= Records =
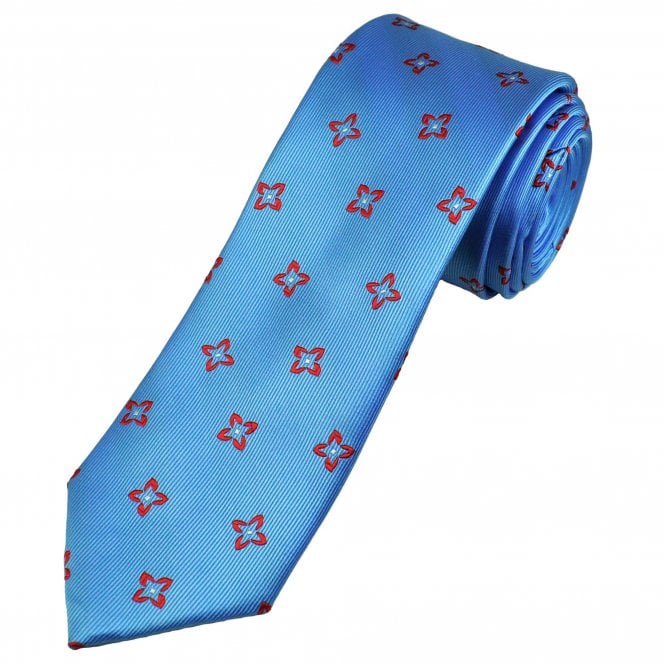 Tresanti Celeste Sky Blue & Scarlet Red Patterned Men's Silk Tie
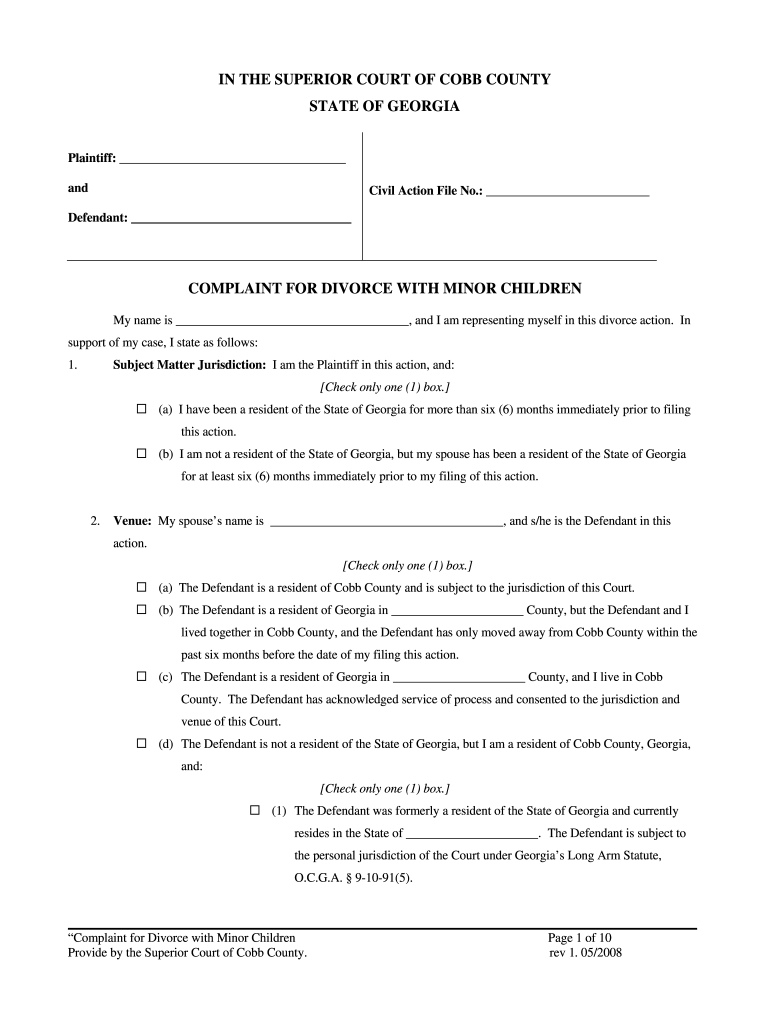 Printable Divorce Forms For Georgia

...

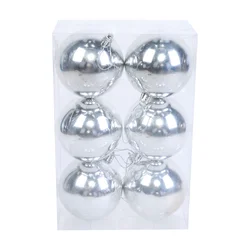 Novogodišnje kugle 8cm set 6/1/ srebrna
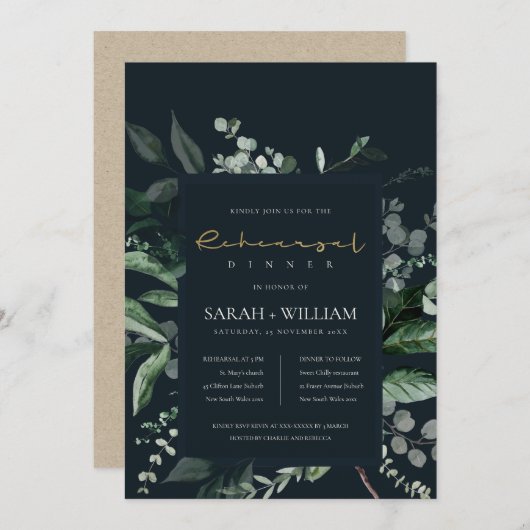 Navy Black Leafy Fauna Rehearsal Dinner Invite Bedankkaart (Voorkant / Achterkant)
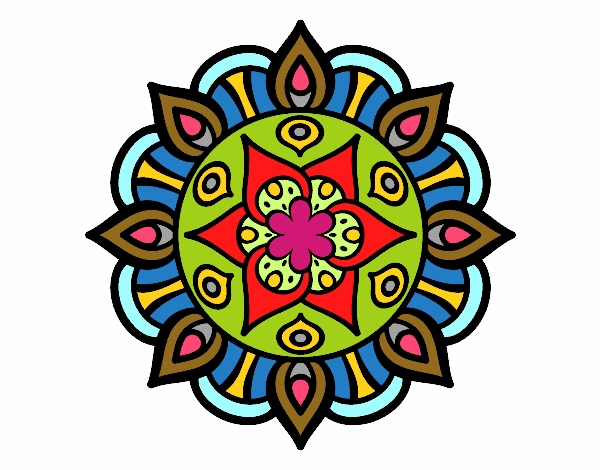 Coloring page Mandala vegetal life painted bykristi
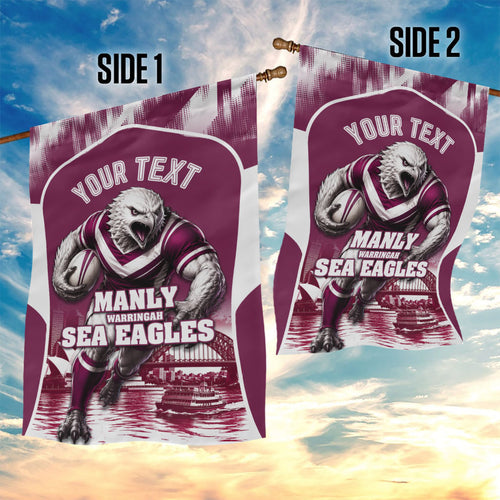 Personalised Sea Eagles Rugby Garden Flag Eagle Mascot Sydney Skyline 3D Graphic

---

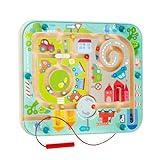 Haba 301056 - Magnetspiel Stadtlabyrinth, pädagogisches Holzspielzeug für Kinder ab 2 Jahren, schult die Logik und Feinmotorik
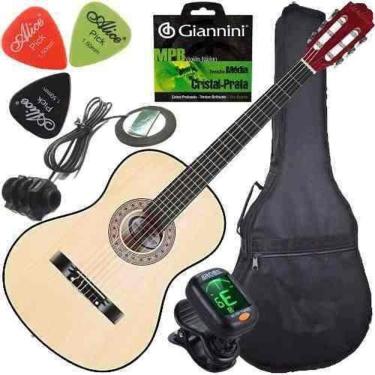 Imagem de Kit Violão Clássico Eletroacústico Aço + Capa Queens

= What this task involves =
Here the job is to copy the listing above word for word, starting at the line with "Tresanti Celeste Sky" and ending at the line with "Printable Divorce Forms For Georgia", and to leave out the pictures.

= Task output =
 Tresanti Celeste Sky Blue & Scarlet Red Patterned Men's Silk Tie
 Printable Divorce Forms For Georgia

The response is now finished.